In order to prevent the model from overfitting, we need to **regularize** it. Essentially, we make it harder to learn the training data.

It makes sense to force the model to spread the weights more evenly over all features, rather than bet on a few feature, which mighht not be present in future data.

We can do this by training the model with the `C` parameter of the L2 regularization. The default is `1`. Lower values mean stricter regularization.

In [None]:
from sklearn.metrics import f1_score
best_c = None
best_performance = 0.0

for c in [50, 20, 10, 5, 2, 0.5, 0.1, 0.05, 0.01]:
    print(c)
    classifier_c = LogisticRegression(n_jobs=-1, 
                                      multi_class='auto', 
                                      solver='lbfgs',
                                      class_weight='balanced',
                                      C=c
                                     )
    
    classifier_c.fit(X_train, y_train)
    predictions_c = classifier_c.predict(X_dev)
    score = f1_score(y_dev, predictions_c, average='micro')
    if score > best_performance:
        best_performance = score
        best_c = c
        print("New best performance: {}".format(score))
        
    print(classification_report(y_dev, predictions_c))
    print()

Instead of a manual search, we can also use a grid search over all classifier parameters

In [None]:
from sklearn.model_selection import GridSearchCV
from sklearn.calibration import CalibratedClassifierCV

# setting up the classifier we want to optimize
base_clf = LogisticRegression(n_jobs=-1)

# defining parameters to optimize
param_grid = {'C': [20, 10, 5, 1, 0.01],
              'class_weight': ['balanced', None]
             }
# run the optimization
search = GridSearchCV(base_clf, # use the classifier defined above
                      param_grid, # use the parameters defined above
                      cv=5, # use 5-fold cross validation
                      scoring='f1_micro') # use micro F1 to select best model
search.fit(X_train, y_train)

Let's look at the winning combination of parameters: we access the `best_estimator_` property of the grid search object.

In [None]:
clf_best = search.best_estimator_
print(clf_best.get_params(), search.best_score_)

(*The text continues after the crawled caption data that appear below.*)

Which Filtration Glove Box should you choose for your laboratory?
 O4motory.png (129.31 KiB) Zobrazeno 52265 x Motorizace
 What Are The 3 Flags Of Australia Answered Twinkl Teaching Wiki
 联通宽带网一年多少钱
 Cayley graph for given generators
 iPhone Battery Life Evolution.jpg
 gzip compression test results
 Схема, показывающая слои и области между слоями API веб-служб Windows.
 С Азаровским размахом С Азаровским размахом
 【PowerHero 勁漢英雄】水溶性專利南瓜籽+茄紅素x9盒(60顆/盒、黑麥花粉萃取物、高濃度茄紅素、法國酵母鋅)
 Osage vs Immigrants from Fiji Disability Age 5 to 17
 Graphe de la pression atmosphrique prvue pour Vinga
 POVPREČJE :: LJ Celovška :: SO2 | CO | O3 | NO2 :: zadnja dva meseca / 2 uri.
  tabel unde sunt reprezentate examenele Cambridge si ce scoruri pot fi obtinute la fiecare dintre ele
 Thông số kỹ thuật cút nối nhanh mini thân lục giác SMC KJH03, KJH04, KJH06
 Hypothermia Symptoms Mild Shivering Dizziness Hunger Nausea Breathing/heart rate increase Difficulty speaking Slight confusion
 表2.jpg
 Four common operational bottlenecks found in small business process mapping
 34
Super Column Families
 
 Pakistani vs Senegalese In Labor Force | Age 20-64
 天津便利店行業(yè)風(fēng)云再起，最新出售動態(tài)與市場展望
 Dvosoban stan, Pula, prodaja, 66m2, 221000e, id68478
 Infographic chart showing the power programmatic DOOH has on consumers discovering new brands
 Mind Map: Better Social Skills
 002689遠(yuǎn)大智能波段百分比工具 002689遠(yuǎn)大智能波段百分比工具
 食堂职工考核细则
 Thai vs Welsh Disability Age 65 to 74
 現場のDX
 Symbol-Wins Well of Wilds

# fit this classifier on the entire training data, instead of CV
clf_best.fit(X_train, y_train)

## 3. Feature selection

Not all features are helpful. Let's select the top $k$ based on how well they predict they outcome of the training data.

We use two libraries from `sklearn`, `SelectKBest` (the selection algorithm) and `chi2` (the selection criterion).

In [None]:
from sklearn.feature_selection import SelectKBest, chi2
from sklearn.model_selection import GridSearchCV
from sklearn.calibration import CalibratedClassifierCV
from sklearn.pipeline import Pipeline

# set up the sequence of steps
pipe = Pipeline([
    ('selector', 'passthrough'), # feature selection
    ('classifier', clf_best) # the classifier
])

# specify selection range
param_grid = [
    {
        'selector': [SelectKBest(chi2)],
        'selector__k': [4500, 4000, 2000, 1000, 500]
    },
]

# fit the model to different feature sets
grid = GridSearchCV(pipe, 
                    param_grid=param_grid, 
                    cv=5, 
                    scoring='f1_micro',
                    n_jobs=-1,
                   )
grid.fit(X_train, y_train)
print(grid.best_score_, grid.best_params_['selector'])

# save the best selector
selector = grid.best_params_['selector'].fit(X_train, y_train)

# transform the data matrices of train, dev, and test to the new dimensionality
X_train_sel = selector.transform(X_train)
X_dev_sel = selector.transform(X_dev)
X_test_sel = selector.transform(X_test)

In [None]:
classifier_sel = LogisticRegression(n_jobs=-1, multi_class='auto', solver='lbfgs', 
                                    class_weight='balanced')
classifier_sel.fit(X_train_sel, y_train)

predictions_sel = classifier_sel.predict(X_dev_sel)
print(classification_report(y_dev, predictions_sel))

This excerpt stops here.